In the event that the Warrant may be exercised,
to the extent allowed by the Warrant Agreement, through cashless exercise (i) the number of shares of Common Stock that this Warrant
is exercisable for would be determined in accordance with the relevant section of the Warrant Agreement which allows for such cashless
exercise and (ii) the holder hereof shall complete the following: The undersigned hereby irrevocably elects to exercise the right,
represented by this Warrant Certificate, through the cashless exercise provisions of the Warrant Agreement, to receive shares of Common
Stock.

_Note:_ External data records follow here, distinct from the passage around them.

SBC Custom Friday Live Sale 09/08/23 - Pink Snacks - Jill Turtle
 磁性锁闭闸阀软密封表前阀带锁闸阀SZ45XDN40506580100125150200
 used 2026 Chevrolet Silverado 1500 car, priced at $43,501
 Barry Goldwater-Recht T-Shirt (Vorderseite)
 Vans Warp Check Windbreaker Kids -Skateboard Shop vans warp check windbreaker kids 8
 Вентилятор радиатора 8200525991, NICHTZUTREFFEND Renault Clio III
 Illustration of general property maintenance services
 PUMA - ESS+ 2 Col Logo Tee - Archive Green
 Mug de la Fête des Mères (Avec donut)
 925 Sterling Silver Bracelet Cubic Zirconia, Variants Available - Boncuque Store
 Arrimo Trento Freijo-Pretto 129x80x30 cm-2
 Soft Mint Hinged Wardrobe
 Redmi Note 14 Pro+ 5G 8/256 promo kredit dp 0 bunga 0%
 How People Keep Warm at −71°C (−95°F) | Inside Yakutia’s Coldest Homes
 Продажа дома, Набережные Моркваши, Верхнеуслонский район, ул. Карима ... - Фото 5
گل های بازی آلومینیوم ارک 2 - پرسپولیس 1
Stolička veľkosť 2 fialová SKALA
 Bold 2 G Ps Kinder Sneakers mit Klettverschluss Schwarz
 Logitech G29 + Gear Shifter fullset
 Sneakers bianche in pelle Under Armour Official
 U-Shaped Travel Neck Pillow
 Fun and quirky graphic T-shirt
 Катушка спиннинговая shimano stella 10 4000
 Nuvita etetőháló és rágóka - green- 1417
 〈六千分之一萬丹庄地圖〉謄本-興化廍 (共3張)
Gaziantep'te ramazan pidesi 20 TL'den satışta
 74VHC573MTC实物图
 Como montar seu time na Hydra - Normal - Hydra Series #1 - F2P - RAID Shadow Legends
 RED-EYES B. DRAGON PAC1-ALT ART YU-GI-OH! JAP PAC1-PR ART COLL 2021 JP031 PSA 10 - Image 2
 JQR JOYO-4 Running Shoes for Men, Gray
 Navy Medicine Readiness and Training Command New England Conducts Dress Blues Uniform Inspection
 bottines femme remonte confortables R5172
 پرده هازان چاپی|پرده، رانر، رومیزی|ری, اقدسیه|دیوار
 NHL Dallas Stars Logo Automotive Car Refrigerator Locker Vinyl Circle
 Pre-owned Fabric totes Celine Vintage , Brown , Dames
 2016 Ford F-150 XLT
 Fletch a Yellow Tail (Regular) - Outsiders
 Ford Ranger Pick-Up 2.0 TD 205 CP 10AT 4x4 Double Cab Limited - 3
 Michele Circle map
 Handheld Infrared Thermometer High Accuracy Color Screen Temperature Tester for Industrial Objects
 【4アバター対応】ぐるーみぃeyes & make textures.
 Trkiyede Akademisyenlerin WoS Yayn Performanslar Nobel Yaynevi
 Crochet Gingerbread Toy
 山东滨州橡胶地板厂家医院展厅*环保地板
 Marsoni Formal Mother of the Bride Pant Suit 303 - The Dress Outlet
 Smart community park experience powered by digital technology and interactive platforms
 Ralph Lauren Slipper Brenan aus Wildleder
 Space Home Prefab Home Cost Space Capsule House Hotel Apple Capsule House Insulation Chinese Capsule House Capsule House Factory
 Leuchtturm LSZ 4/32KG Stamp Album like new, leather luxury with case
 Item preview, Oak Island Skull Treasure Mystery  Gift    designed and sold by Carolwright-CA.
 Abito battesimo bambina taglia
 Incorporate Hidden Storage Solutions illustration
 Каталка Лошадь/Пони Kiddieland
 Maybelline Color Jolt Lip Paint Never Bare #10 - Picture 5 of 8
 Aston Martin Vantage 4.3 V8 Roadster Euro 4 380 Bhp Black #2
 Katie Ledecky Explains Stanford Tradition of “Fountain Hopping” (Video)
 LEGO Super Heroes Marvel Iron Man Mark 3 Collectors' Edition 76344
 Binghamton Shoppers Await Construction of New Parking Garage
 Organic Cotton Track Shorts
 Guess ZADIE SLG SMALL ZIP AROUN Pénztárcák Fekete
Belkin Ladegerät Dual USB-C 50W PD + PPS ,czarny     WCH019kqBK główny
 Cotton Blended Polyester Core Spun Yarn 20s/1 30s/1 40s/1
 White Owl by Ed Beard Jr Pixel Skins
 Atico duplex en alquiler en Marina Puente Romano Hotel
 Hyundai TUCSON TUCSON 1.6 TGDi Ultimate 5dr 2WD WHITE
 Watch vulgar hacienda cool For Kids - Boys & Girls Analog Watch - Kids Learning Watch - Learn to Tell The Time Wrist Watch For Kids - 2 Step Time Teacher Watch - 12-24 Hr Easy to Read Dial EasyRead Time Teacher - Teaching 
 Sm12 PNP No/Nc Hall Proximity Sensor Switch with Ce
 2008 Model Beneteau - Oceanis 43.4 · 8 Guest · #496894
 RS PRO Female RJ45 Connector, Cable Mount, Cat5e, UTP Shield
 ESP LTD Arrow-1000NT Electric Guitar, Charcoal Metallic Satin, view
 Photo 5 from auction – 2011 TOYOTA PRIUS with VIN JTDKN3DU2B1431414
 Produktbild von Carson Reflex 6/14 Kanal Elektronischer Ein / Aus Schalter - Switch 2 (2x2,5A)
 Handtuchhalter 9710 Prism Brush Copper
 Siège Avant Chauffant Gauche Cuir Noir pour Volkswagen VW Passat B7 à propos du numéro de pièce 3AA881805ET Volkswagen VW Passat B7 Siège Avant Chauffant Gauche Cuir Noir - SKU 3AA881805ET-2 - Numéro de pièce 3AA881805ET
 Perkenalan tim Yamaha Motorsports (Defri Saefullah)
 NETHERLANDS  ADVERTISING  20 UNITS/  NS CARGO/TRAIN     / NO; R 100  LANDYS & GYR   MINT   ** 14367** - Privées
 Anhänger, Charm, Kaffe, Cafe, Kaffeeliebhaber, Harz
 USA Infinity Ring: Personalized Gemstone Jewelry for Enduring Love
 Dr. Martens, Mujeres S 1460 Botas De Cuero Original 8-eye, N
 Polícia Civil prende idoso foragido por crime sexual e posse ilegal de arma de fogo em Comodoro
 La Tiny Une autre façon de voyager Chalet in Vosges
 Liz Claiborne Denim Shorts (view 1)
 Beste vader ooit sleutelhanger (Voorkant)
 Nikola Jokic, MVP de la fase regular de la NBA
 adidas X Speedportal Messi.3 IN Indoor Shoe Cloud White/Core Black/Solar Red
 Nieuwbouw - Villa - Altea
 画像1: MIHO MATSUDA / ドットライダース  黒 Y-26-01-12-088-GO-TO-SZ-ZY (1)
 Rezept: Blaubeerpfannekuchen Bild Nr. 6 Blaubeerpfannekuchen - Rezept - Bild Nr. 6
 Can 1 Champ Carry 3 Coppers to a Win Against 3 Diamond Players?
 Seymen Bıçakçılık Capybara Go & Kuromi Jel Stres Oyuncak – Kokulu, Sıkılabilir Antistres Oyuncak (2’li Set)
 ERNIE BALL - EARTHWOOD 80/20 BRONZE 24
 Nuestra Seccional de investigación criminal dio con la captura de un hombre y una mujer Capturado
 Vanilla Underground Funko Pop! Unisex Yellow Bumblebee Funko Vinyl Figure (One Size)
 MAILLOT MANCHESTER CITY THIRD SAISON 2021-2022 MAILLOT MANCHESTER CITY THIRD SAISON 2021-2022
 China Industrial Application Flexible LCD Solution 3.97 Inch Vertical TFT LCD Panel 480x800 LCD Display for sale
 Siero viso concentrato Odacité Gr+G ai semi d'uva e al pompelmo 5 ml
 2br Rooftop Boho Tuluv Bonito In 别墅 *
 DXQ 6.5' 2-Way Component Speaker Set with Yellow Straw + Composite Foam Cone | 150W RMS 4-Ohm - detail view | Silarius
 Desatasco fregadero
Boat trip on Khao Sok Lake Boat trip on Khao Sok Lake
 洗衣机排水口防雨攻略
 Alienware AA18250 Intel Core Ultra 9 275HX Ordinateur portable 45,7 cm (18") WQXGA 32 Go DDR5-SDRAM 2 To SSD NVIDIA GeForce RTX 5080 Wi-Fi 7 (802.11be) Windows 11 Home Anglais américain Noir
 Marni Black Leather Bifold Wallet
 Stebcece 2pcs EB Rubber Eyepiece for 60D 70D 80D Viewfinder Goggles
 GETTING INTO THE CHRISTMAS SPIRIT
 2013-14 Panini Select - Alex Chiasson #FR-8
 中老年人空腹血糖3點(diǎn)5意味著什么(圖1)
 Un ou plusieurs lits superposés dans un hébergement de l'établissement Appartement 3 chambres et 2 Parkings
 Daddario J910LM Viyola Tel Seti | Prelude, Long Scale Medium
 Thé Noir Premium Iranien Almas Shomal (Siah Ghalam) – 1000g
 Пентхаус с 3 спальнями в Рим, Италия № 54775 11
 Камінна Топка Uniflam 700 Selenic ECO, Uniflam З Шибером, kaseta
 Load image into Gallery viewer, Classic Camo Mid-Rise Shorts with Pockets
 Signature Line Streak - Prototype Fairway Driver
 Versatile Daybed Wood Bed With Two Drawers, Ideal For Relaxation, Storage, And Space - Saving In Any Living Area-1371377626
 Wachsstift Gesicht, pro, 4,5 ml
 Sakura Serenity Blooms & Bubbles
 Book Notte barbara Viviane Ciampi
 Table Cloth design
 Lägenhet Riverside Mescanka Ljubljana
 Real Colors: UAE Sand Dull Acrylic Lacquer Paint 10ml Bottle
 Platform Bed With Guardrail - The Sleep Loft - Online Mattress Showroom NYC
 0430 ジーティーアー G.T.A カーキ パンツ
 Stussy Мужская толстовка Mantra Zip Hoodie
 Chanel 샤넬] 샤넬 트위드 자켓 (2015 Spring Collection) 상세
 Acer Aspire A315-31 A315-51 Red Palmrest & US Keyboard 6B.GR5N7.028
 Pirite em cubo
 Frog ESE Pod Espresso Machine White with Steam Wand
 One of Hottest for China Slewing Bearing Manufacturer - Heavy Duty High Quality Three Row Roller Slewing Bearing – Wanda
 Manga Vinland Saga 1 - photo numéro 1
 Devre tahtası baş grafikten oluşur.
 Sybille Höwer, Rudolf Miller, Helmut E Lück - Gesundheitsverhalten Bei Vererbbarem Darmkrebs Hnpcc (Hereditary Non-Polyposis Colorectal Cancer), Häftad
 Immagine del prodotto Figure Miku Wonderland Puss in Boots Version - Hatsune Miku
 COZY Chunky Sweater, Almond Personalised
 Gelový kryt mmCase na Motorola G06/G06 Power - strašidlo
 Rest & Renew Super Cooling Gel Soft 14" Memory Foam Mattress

If said number of shares of Common Stock is less than all of the shares of Common Stock purchasable hereunder (after giving effect
to the cashless exercise), the undersigned requests that a new Warrant Certificate representing the remaining balance of such shares of
Common Stock be registered in the name of                     ,
whose address is                     ,
and that such Warrant Certificate be delivered to                     ,
whose address is                     .

 

	Date: , 	 	(Signature)	 
	 	 	 
	 	 	(Address)	 
	 	 	 
	 	 	(Tax Identification Number)
	 	 	 
	Signature Guaranteed:	 	 
	 	 	 

 

THE SIGNATURE(S) SHOULD BE GUARANTEED BY AN ELIGIBLE GUARANTOR
INSTITUTION (BANKS, STOCKBROKERS, SAVINGS AND LOAN ASSOCIATIONS AND CREDIT UNIONS WITH MEMBERSHIP IN AN APPROVED SIGNATURE GUARANTEE MEDALLION
PROGRAM, PURSUANT TO SEC RULE 17Ad-15 (OR ANY SUCCESSOR RULE) under the SECURITIES exchange act,
OF 1934, AS AMENDED).

 

    A-4

     

    

 

EXHIBIT B

 

LEGEND

 

“THE SECURITIES REPRESENTED
HEREBY HAVE NOT BEEN REGISTERED UNDER THE SECURITIES ACT OF 1933, AS AMENDED, OR ANY STATE SECURITIES
LAWS, AND MAY NOT BE OFFERED, SOLD, TRANSFERRED OR OTHERWISE DISPOSED OF UNLESS REGISTERED UNDER THE SECURITIES ACT OF 1933, AS AMENDED,
AND ANY APPLICABLE STATE SECURITIES LAWS OR AN EXEMPTION FROM REGISTRATION IS AVAILABLE. IN ADDITION, SUBJECT TO ANY ADDITIONAL LIMITATIONS
ON TRANSFER DESCRIBED IN THE LETTER AGREEMENT BY AND AMONG CONCORD Acquisition Corp II (THE “COMPANY”), CONCORD SPONSOR GROUP
II LLC, CA2 CO-INVESTMENT LLC AND THE OTHER PARTIES THERETO, THE SECURITIES REPRESENTED HEREBY MAY NOT BE SOLD OR TRANSFERRED PRIOR
TO THE DATE THAT IS THIRTY (30) DAYS AFTER THE DATE UPON WHICH THE COMPANY COMPLETES ITS INITIAL BUSINESS COMBINATION (AS DEFINED
IN SECTION 3 OF THE WARRANT AGREEMENT REFERRED TO HEREIN) EXCEPT TO A PERMITTED TRANSFEREE (AS DEFINED IN SECTION 2 OF THE WARRANT
AGREEMENT) WHO AGREES IN WRITING WITH THE COMPANY TO BE SUBJECT TO SUCH TRANSFER PROVISIONS.

 

SECURITIES EVIDENCED HEREBY
AND SHARES OF CLASS A COMMON STOCK OF THE COMPANY ISSUED UPON EXERCISE OF SUCH SECURITIES SHALL BE ENTITLED TO REGISTRATION RIGHTS
UNDER A REGISTRATION AND STOCKHOLDER RIGHTS AGREEMENT TO BE EXECUTED BY THE COMPANY.”